One of the main drawbacks of enzyme-mediated antibiofilm therapy is that it should be carried out in combination with antibiotic agents as it may become a preventive measure rather than a way of treatment. Another concern is their typical higher cost when compared to other costs of conventional chemical disinfectants and antimicrobial agents. But apart from this, many researchers have reported that biofilm matrix-degrading enzymes could be a potent antibiofilm agent to reduce the incidence of medical device infections [243].
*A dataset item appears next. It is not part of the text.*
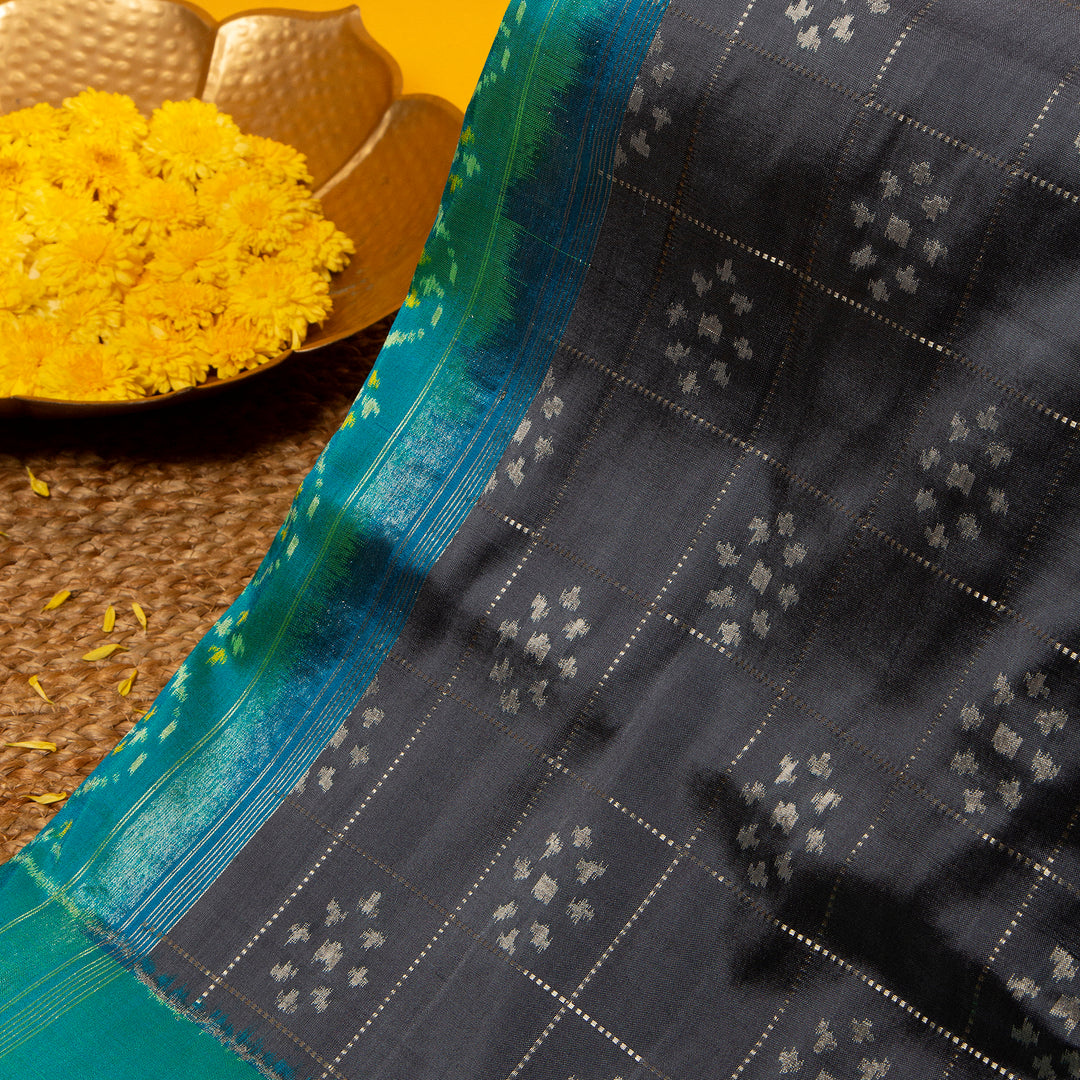 Kuberan Ash Grey With Teal Green Colour Pochampally Silk Saree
7.3. In Silico Approach to Control P. aeruginosa Biofilms

Many studies have reported various chemical tools to exploit new knowledge to inhibit bacterial virulence by hindering the QS systems as a novel means to reduce P. aeruginosa infections efficiently, which makes it harder for the bacteria to develop drug resistance. Wang et al. [244] identified cladodionen, isolated from extracts of the marine fungal strain Cladosporium sp. Z148 as a novel QS inhibitor that showed effective binding conformation to LasR and PqsR compared to native ligands through molecular docking approach. He also reported that the QS-related mRNA gene expressions were down-regulated by cladodionen. A recent study by Sadiq et al. [245] reported sulfamerazine, a synthetic FDA-approved compound as an inhibitor of LasR by performing virtual screening and molecular docking by employing a pharmacophore hypothesis based screening and elucidating the stability of their binding conformation by a simulation study. A study by Baldelli et al. [246] suggested two antibiotic compounds, namely, nitrofurazone and erythromycin estolate as PqsE inhibitors by screening a library of FDA-approved drugs and found that these compounds reduce the expression of PqsE-dependent virulence and formation of biofilm in P. aeruginosa PAO1 model strain.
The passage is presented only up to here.